CONFIG.transform declares what happens between reading inputs and writing outputs.


Structure

CONFIG:
  transform:
    type: noop      # required — transform type name
    params: {}      # optional — passed to the transform plugin

Built-in transform types

noop — pass-through

The default transform. Passes all inputs straight to outputs with no modification. Useful for pure connector moves (e.g. Hive → Delta).

transform:
  type: noop

task — Python Task class

Loads transformations.py from the task directory and calls the Task subclass.

transform:
  type: task

transformations.py:

from ubunye.core.interfaces import Task

class MyTask(Task):
    def transform(self, sources: dict) -> dict:
        df = sources["input_name"]
        cleaned = df.filter("value IS NOT NULL").dropDuplicates(["id"])
        return {"output_name": cleaned}

The logical names in sources and the returned dict must match the keys declared under CONFIG.inputs and CONFIG.outputs.

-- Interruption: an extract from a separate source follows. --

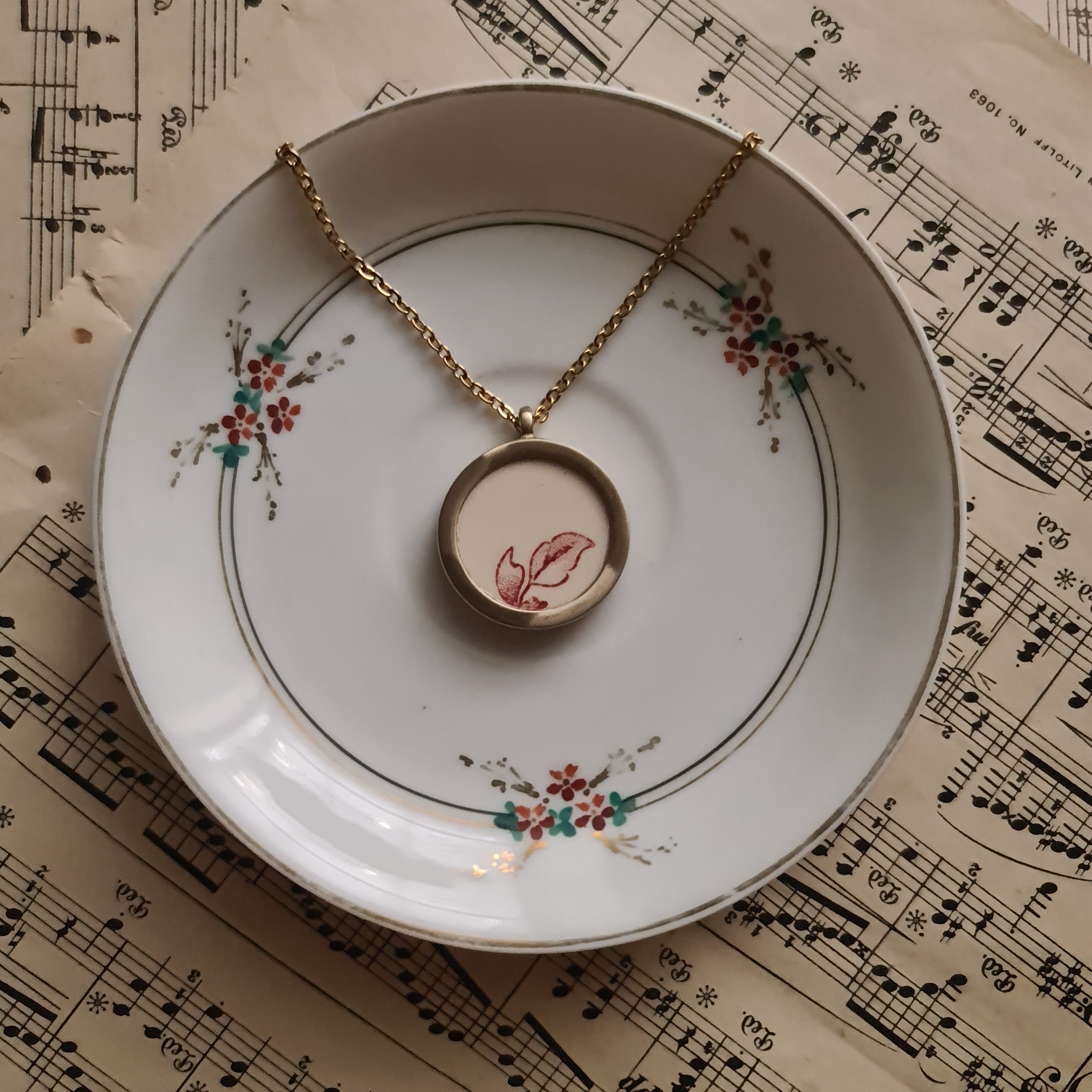 Piccola figlia rossa francese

model — ML model train/predict

Runs a UbunyeModel subclass for training or inference. See Model Contract and Model Registry.

transform:
  type: model
  params:
    action: train                          # train | predict
    model_class: "model.FraudRiskModel"    # module.ClassName (model.py in task dir)
    registry:
      store: ".ubunye/model_store"
      use_case: fraud_detection
      auto_version: true
      promote_to: staging
      promotion_gates:
        min_auc: 0.85
        min_f1: 0.80

ModelTransformParams fields

Field Type Default Description
action train | predict required Whether to train or score
model_class string required module.ClassName of the UbunyeModel subclass
model_dir string null Directory containing the model file; defaults to task dir
model_path string null Path to saved artifact (used for predict without registry)
input_name string null Key in inputs dict to use as training/scoring data
registry RegistryConfig null Model registry settings

RegistryConfig fields

Field Type Default Description
store string required Filesystem path for the model store
use_case string "default" Logical grouping for the model
version string null Explicit version; auto-generated if null
auto_version bool true Bump patch version automatically
promote_to development | staging | production null Promote after registration
use_stage development | staging | production "production" Stage to load from (predict only)
promotion_gates dict null Metric thresholds that must pass before promotion

Custom transforms

Any class registered under the ubunye.transforms entry point can be used as a type. See Writing a Plugin.


Transform params and extra fields

TransformConfig.params is a Dict[str, Any], so you can pass arbitrary keys:

transform:
  type: my_custom_transform
  params:
    window_days: 30
    feature_cols: [f1, f2, f3]
    threshold: 0.5

These are passed directly to your plugin's apply(inputs, cfg, backend) call as cfg.